Of course, it can be argued that this was an article originally written in the seventies and that there was “today’s take,” which updated some of the advice. But even with the commentary, the message to women hasn’t changed. Here is your definition of beauty. Here is your definition of what it is to be a woman. In an age that is arguably the revival of feminism, this advice magazine for the modern woman is anything but modern. Feminism nowadays is not just the white heterosexual woman’s right to have a sexual appetite. But instead, we are fighting for inclusion, the right to an education, the right to equal wages...but these are not the articles that are being written in Cosmo.
I have realized that my mom didn’t want me reading Cosmo not because she didn’t think I was old enough. She didn’t want me reading Cosmo because she was worried that I would do what I did this night. She was worried I would find myself wanting what wasn’t realistic, and pick myself apart instead of finding body positivity.

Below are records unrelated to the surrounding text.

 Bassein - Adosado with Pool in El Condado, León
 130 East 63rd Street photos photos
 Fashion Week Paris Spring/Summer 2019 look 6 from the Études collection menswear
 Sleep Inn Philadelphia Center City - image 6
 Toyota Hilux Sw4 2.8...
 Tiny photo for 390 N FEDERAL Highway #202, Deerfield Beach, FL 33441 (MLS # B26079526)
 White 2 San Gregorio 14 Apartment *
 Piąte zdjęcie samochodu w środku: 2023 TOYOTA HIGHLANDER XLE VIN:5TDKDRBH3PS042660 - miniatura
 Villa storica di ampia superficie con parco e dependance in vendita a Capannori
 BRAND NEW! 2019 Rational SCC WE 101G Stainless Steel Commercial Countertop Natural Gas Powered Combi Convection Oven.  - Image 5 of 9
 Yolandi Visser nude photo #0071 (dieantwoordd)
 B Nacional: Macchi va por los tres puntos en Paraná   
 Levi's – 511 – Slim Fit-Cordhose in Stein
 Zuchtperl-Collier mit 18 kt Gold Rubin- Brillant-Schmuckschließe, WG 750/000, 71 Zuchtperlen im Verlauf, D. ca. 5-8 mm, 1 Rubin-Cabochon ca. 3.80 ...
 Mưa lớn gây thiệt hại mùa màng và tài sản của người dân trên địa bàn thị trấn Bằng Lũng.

A magazine that advertises raising people up now (and perhaps have always in a sense) brought them down. In order to find the voice of the 21st century woman, I believe that Cosmo needs to reach out to its audience. I don’t want to compare myself to who I could be if I ate less or if I stood on the scale every day and how that would make me happy. Instead I want recovery stories. I want stories of triumph and beauty and pictures of women outside the norm. The beautiful women on the covers always had a way of pulling me in, but there are women that I think who are beautiful who have never used that word to describe themselves.
I threw out your magazine that day because the Best Advice Ever was a mean girl poking at my flaws. And your advice to me was to be that mean girl.
One day I hope to describe myself as beautiful. Today is not that day.